Future Optimization Opportunities
Source parsing and graph size reduction
The bytecode resolution bottleneck has largely been removed. Remaining performance opportunities are now upstream:
- Reduce graph packages further: Keep shrinking the set of dependencies that require full source parsing without breaking attribution accuracy.
- Smarter pre-scan eligibility: Skip dependencies that have source directories but no scannable files before invoking opengrep.
- Containing-function lookup index:
Tracer.FindContainingFunction() still scans functions linearly; indexing by file could cut repeated lookups on large reports.
- Selective bytecode indexing: Only index JARs whose types appear in unresolved calls from graph packages. More complex, but now one of the few remaining bytecode-side wins.
Opengrep scanning
- Result caching: The existing
DiskFindingsCache caches dependency scan results by module@version:rulesHash. On repeated scans of the same project, most dependencies hit the cache.
- Cold-scan throughput: First-scan performance still depends heavily on opengrep throughput over large dependency sources.
Call graph export
- Export is fast (~10-15s for 269 findings) and not currently a bottleneck.
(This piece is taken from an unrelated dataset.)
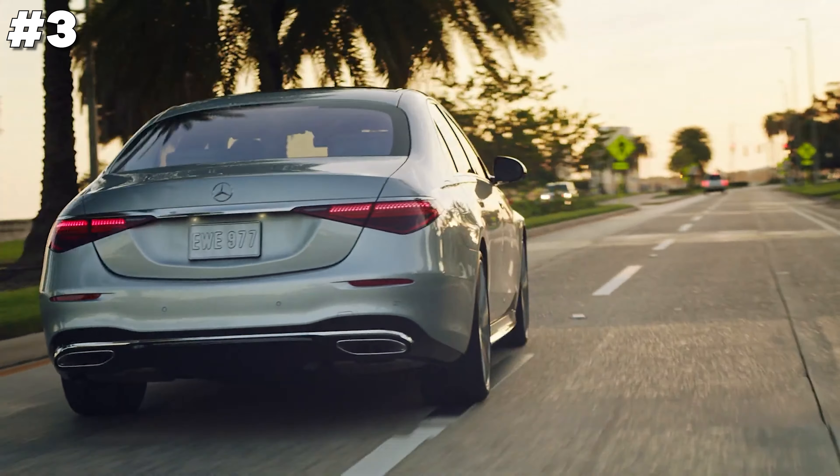The Mazda CX90 hybrid is a cutting-edge plug-in hybrid that blends environmental consciousness with Mazda's signature driving enjoyment. It features a sleek design and a luxurious interior, equipped with the latest in infotainment and comfort amenities. The powertrain combines a robust engine with electric propulsion, offering impressive efficiency and reduced emissions without sacrificing performance. Ideal for those looking to decrease their carbon footprint while enjoying a dynamic driving experience, the CX90 hybrid sets a new standard in eco-friendly innovation.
The finding-centric export only traces paths reachable from findings, producing a compact JSON (~9.5K lines for eladmin) regardless of full graph size.
Limitations
General
- Static analysis — The call graph is built from syntactic call expressions. It cannot resolve interface dispatch, reflection-based calls, or function values passed as arguments.
- All paths stored — When multiple call chains exist (BFS finds all paths), all are stored in
call_chains. This ensures no reachability information is lost.
Go-specific
- No cross-module method resolution — Method calls on variables (e.g.,
cipher.Encrypt()) are recorded with the variable name as the type, not the resolved type. Cross-package type resolution would require full type analysis.
Java-specific
- Gradle source archives are best-effort — Gradle dependency resolution provides binary artifact paths deterministically, but source archive availability still depends on what upstream repositories publish.
- Missing source JARs — Dependencies without sources are skipped for source scanning, but they can still contribute Java bytecode types if the compiled JAR is present locally. They cannot produce source-level findings until sources are available.
- Wildcard import resolution — When multiple wildcard imports could match a class name, resolution is best-effort.
- No inheritance/polymorphism — Variable types are tracked syntactically; interface implementations and subclass overrides are not resolved.
- Multi-module Maven partial resolution — Multi-module Maven projects are supported via a three-tier fallback strategy. Tier 3 (
mvn install -DskipTests) requires compilation and may fail if the project needs specific JDK versions or build tools not available in the scan environment.
Python-specific
- Requires a Python interpreter with
pip available — The resolver now runs python -m pip and importlib.metadata through the same interpreter. If VIRTUAL_ENV is set, that environment’s Python is preferred; otherwise it falls back to python3 then python from PATH.
- Single-file modules skipped — Packages distributed as a single
.py file (e.g., six.py) are skipped since there is no directory to scan.
- C-extension packages skipped — Packages without Python source on disk (compiled C extensions) cannot be scanned.
- Distribution-to-import mapping — Relies on
importlib.metadata (Python 3.10+) or *.dist-info fallback; packages with non-standard layouts may not be resolved.
- No dynamic dispatch — Calls resolved through
getattr, __getattr__, or metaclass magic are not tracked.
Rust-specific
- Requires
cargo in PATH — The resolver shells out to cargo metadata.
- No trait dispatch — Method calls on trait objects (e.g.,
dyn Cipher) are resolved syntactically by type name; trait implementations are not followed.
- Macro-generated code — Functions generated by macros (e.g.,
proc_macro) are invisible to syntactic parsing.
src/ transparency assumption — The parser assumes src/ is the crate root; non-standard [lib] path configurations may produce incorrect module paths.